Rasulullah shallallahu ‘alahi
wa sallam bersabda:
لَا يَحِلُّ مَالُ امْرِئٍ مُسْلِمٍ إِلَّا
بِطِيْبِ نَفْسٍ مِنْهُ. (رواه ابو داود)
“Tidak halal harta
seorang muslim kecuali dengan kerelaan dari dirinya.” (HR. Abu Dawud).
Jika dia tidak bersedia untuk
mengembalikannya ketika masih hidup di dunia ini (atau minta dihalalkan), maka
kelak di akhirat nanti dia tetap harus mengembalikannya.
Rasulullah shallallahu ‘alahi
wa sallam bersabda:
مَنْ مَاتَ وَعَلَيْهِ دَيْنٌ، فَلَيْسَ ثَمَّ دِيْنَارٌ
وَلَا دِرْهَمٌ، وَلٰكِنَّهَا الْـحَسَنَاتُ وَالسَّيِّئَاتُ. (رواه أحمد)
“Barangsiapa
meninggal dunia sedangkan ia masih memiliki tanggungan hutang, sedang di
sana tidak ada dinar dan tidak juga dirham, akan tetapi yang ada hanya kebaikan
dan kejelekan”. (HR.
Ahmad dari Ibnu ‘Umar r.a.)
Rasulullah shallallahu ‘alahi
wa sallam bersabda:
مَنْ كَانَ عِنْدَهُ لِأَخِيْهِ مَظْلَمَةٌ
فَلْيَتَحَلَّلْهُ الْيَوْمَ قَبْلَ أَنْ لاَ يَكُوْنَ دِيْنَارًا وَلاَ
دِرْهَمًا. إِنْ كَانَ لَهُ عَمَلٌ صَالِحٌ أُخِذَ مِنْ حَسَناَتِهِ بِقَدْرِ
مَظْلَمَتِهِ، فَإِنْ لَمْ يَكُنْ لَهُ حَسَنَاتٍ أُخِذَ مِنْ سَيِّئَاتِ
صَاحِبِهِ فَحُمِلَ عَلَيْهِ. (رواه
البخارى)
“Siapa yang memiliki
kezaliman terhadap saudaranya, hendaklah ia meminta kehalalan saudaranya
tersebut pada hari ini, sebelum datang suatu hari saat tidak berlaku lagi dinar
dan tidak pula dirham.
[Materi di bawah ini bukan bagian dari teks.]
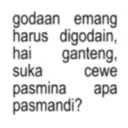 Կպչուն պիտակ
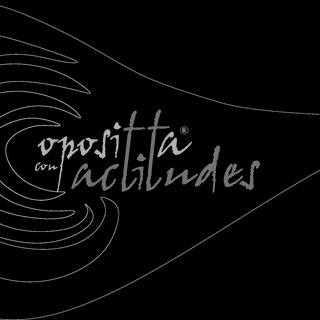 Foto del escritor: OPOSITTA/ACTITUD Actitudes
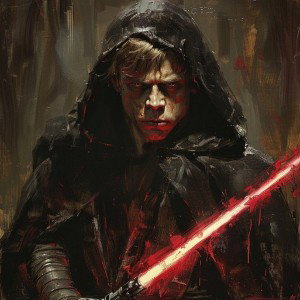 Sith flow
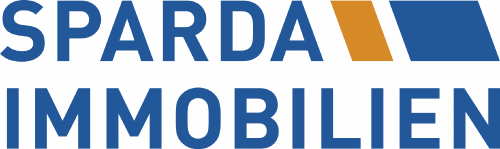 Logo der Firma Sparda Immobilien GmbH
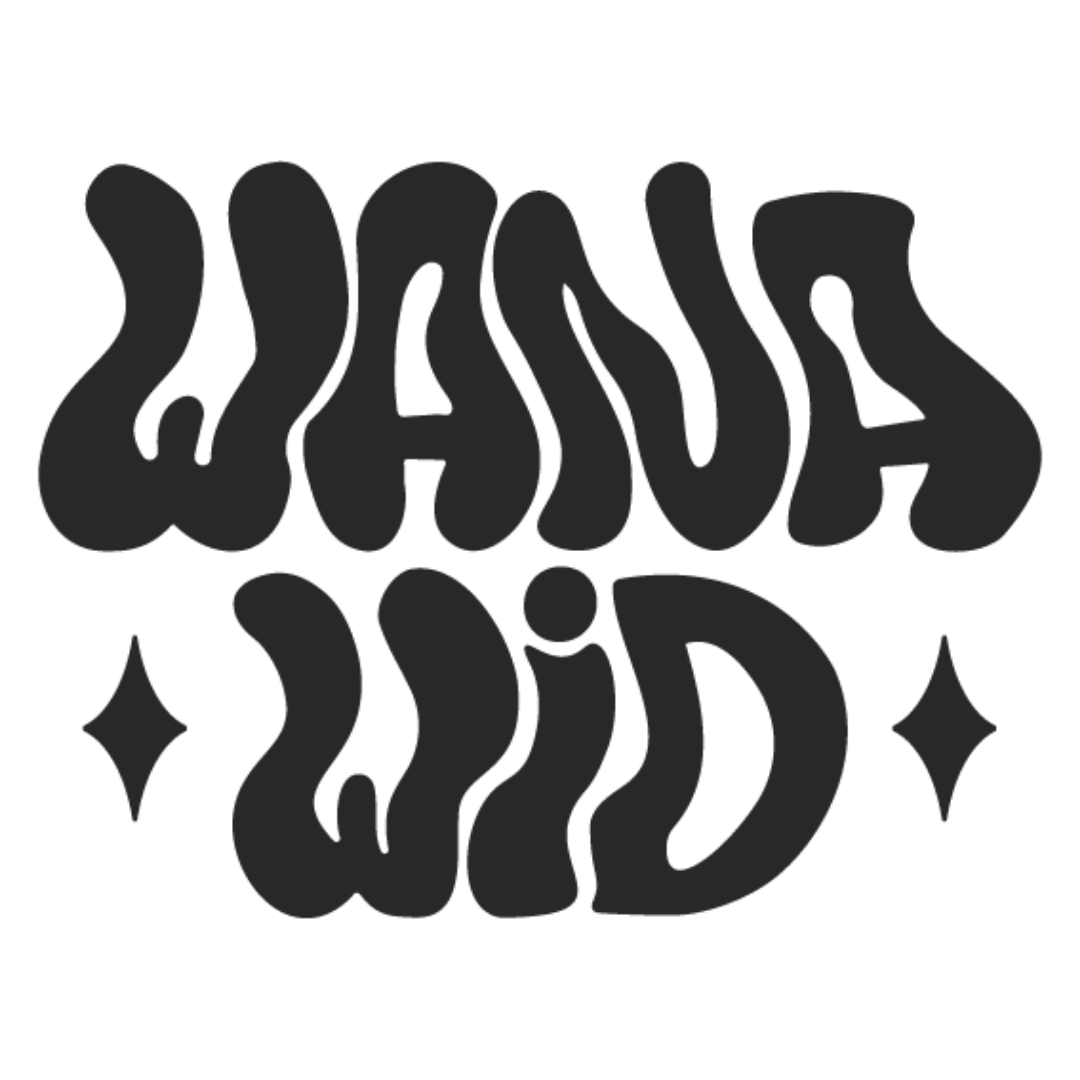 Distribuidores Wanawid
Jika ia memiliki amal saleh, akan diambil dari
kebaikannya sesuai dengan kadar kezaliman yang diperbuatnya lalu diserahkan
kepada orang yang dizaliminya. Apabila ia tidak memiliki kebaikan, akan diambil
kejelekan saudaranya yang dizaliminya lalu dibebankan kepadanya.” (HR.
al-Bukhari).
Meskipun demikian, jika saudaraku berkenan untuk mengikhlaskan
hutang tersebut (meskipun yang bersangkutan sebenarnya mampu untuk
mengembalikan hutangnya), maka saudaraku juga akan mendapatkan kemuliaan
sebagaimana penjelasan hadits berikut ini. (Wallahu a'lam).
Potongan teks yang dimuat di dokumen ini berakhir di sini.